The local hiring codes

The Singaporean CV is concise, in English and results-driven: one to two pages, quantified achievements, nothing superfluous. A photo is not expected. In interviews, recruiters value efficiency, punctuality and clear, factual communication — a register you'd do well to prepare for in advance.

References genuinely matter: line up professional contacts your future employer can call. The process can move fast once they like you, even if obtaining the pass then adds an administrative delay. One last piece of advice I'll happily repeat: tailor every application to the role, because a generic CV won't cut it in such a competitive market.

The network and the French community

The French community in Singapore is large and well organised, which changes a lot when you first land. The French Chamber of Commerce in Singapore is almost a mandatory stop: events, a company directory and job listings. French schools and expat associations, for their part, make settling in with family noticeably easier.

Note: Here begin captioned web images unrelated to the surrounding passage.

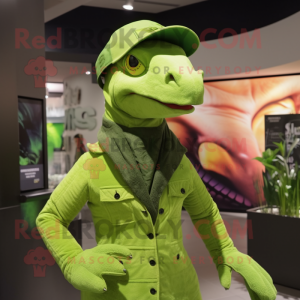 Lime Green Utahraptor mascot costume character dressed with a Turtleneck and Berets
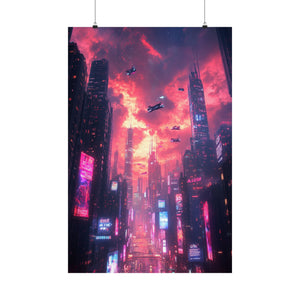 Futuristic neon cityscape with flying vehicles against a glowing red and purple sunset sky. Premium matte poster printed on museum-grade archival paper, perfect for sci-fi and cyberpunk decor.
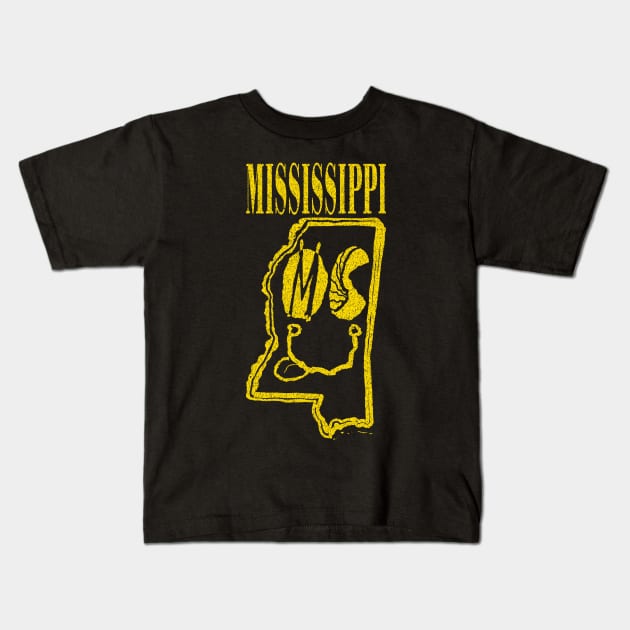 Mississippi Grunge Smiling Face Black Background Kids T-Shirt by pelagio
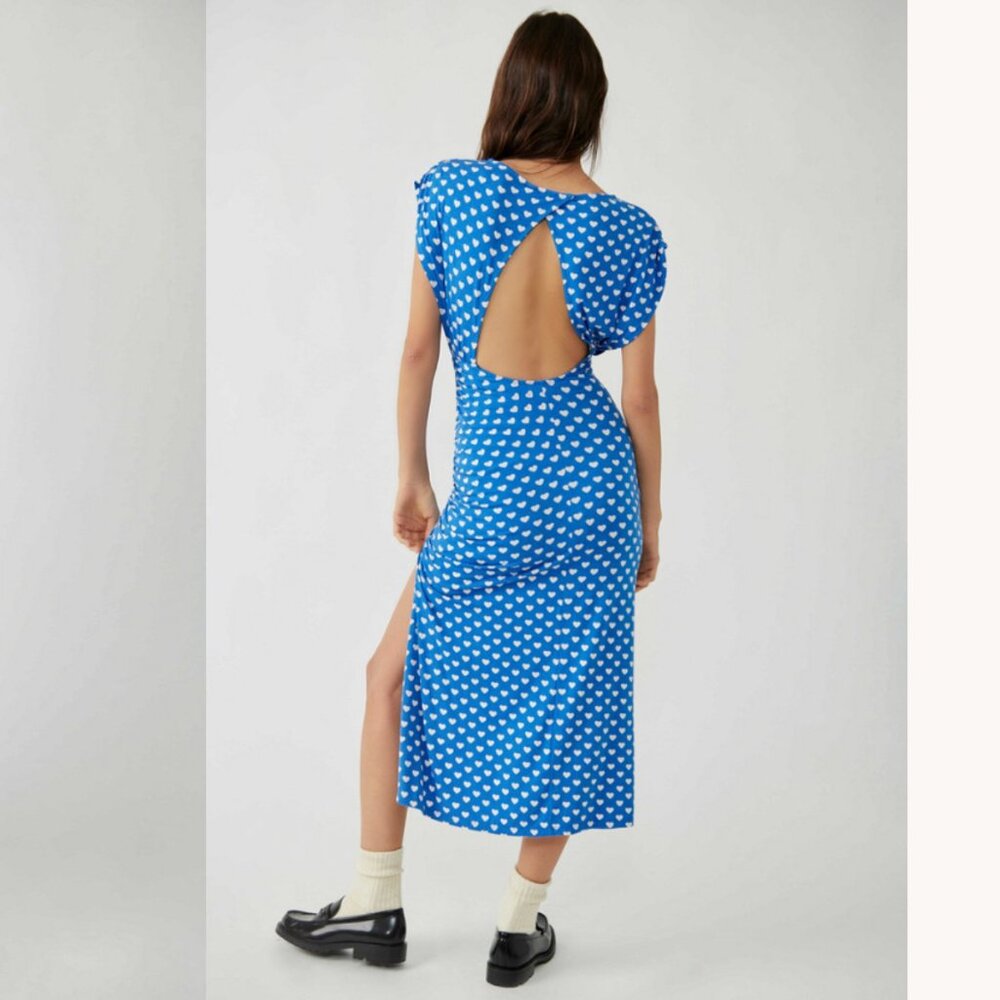 Free people Lakeside PolkaDot Heart Side Slit Cutout Back Maxi Dress Size M Blue - Picture 3 of 14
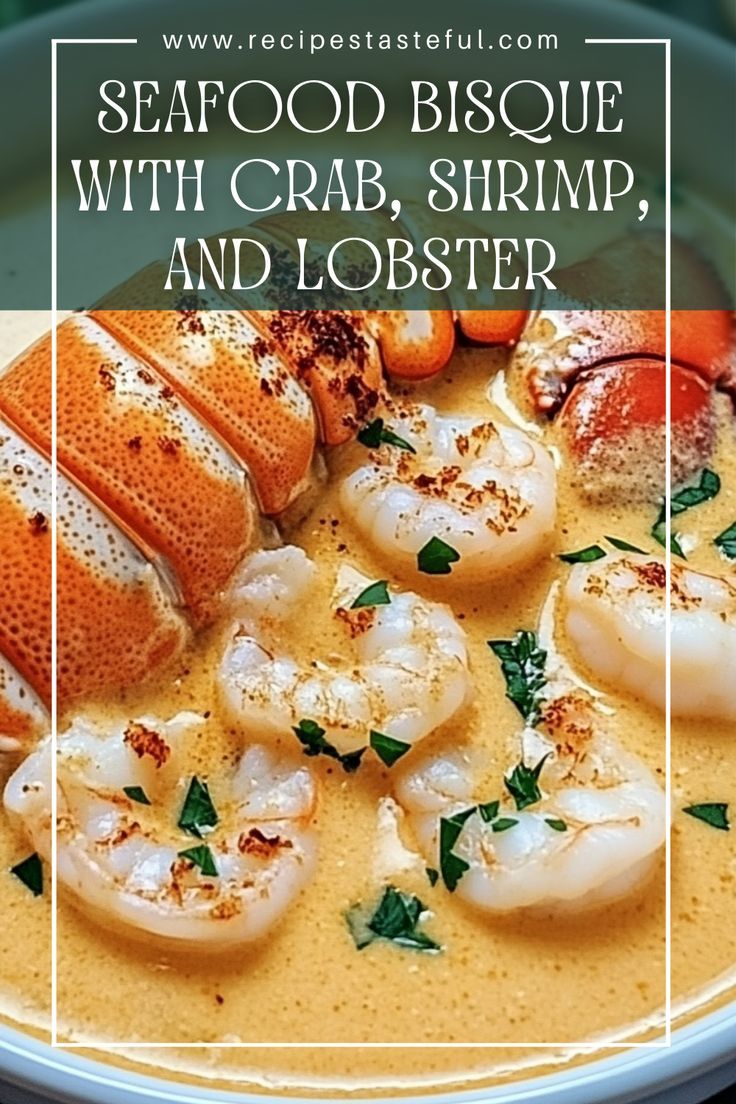 seafood bisque with crab, shrimp, and lobster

Media such as lepetitjournal.com, in its Singapore edition, are valuable for following local news, housing tips and listings. I'd encourage you to activate your network even before you arrive: a virtual coffee with a French expat already on the ground is often worth ten applications sent blind.

Settling in, in practice

On housing, you move between two worlds: HDB flats, the public housing that is more affordable and often shared by expats, and private condos, with pool and services but noticeably pricier. Expect a sizeable security deposit and plan that budget ahead, because it arrives faster than you'd think.

Open a local bank account as soon as your pass is approved, take out health insurance — the system is high quality, but private and expensive — and look into transport: the MRT network is excellent, to the point that many expats do without a car. Finally, take time to understand the local rules, strict but clear. This is my impression after watching how things work: Singapore rewards those who play by them fairly well.